Start of Block

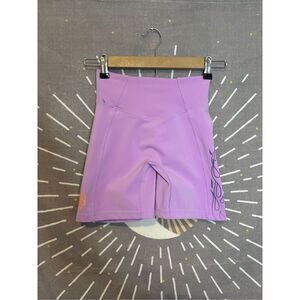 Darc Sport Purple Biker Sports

End of Block
Start of Block

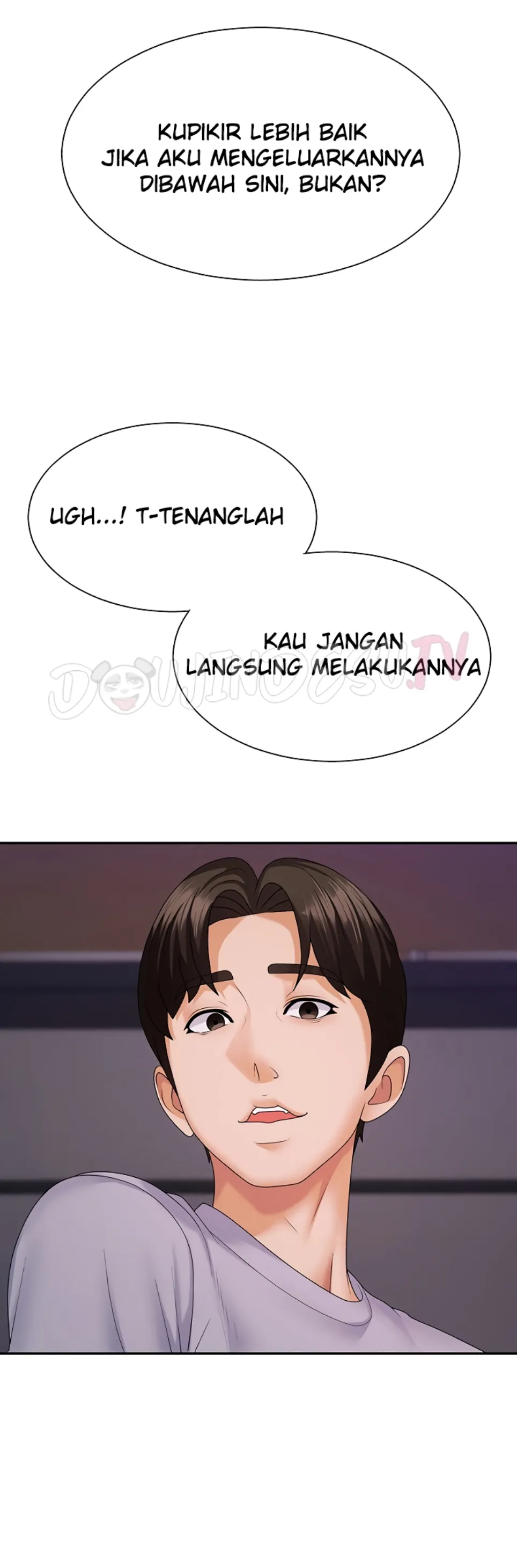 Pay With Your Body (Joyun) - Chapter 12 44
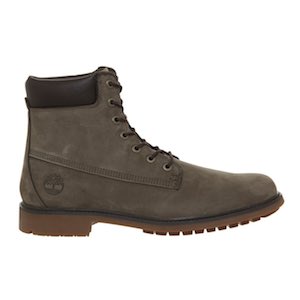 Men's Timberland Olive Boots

End of Block
Start of Block

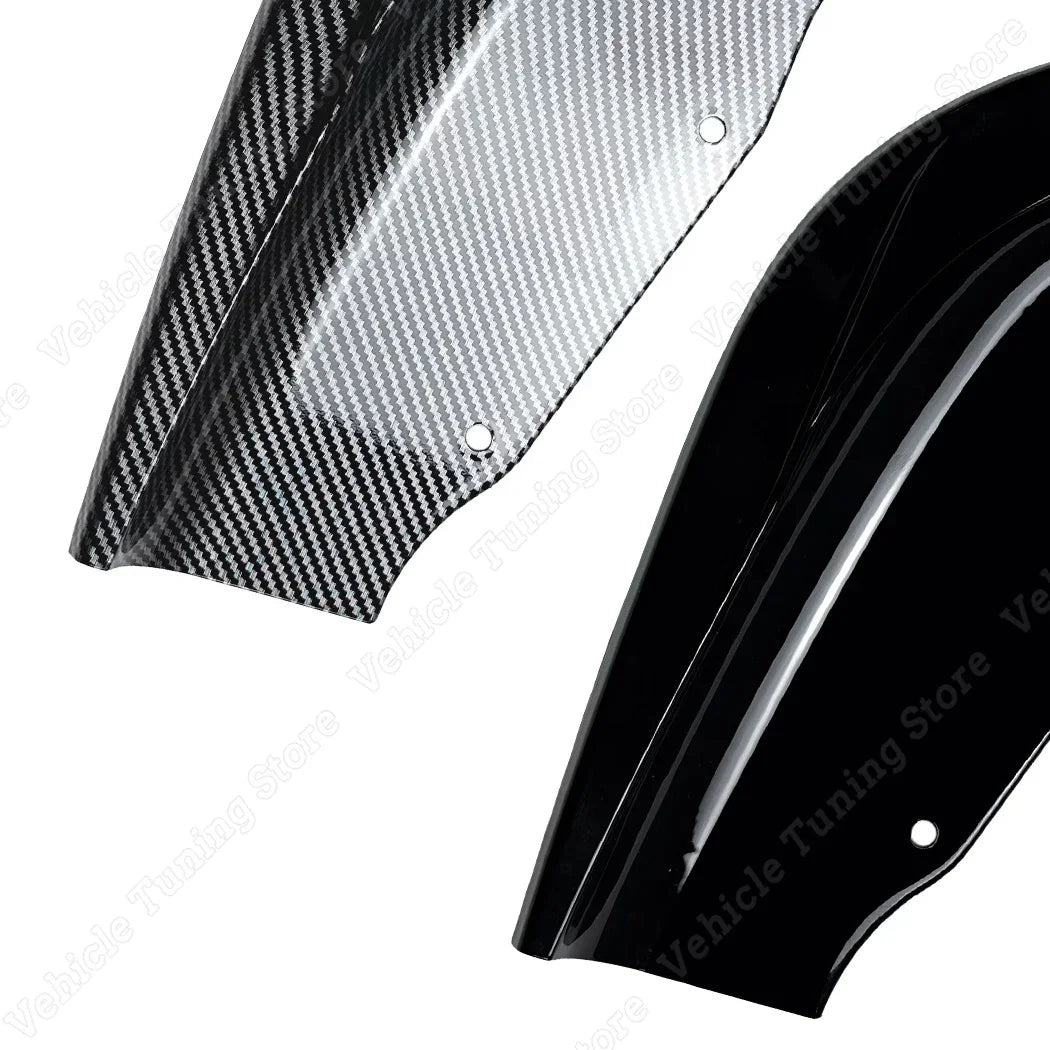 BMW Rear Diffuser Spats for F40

End of Block

Exercise brief: In the listing above, find the line containing "Pay With Your Body (Joyun) - Chapter 12 44" and the line containing "Men's Timberland Olive Boots", then write out both of them and every line between, exactly, with no pictures.

Task answer:
 Pay With Your Body (Joyun) - Chapter 12 44
 Men's Timberland Olive Boots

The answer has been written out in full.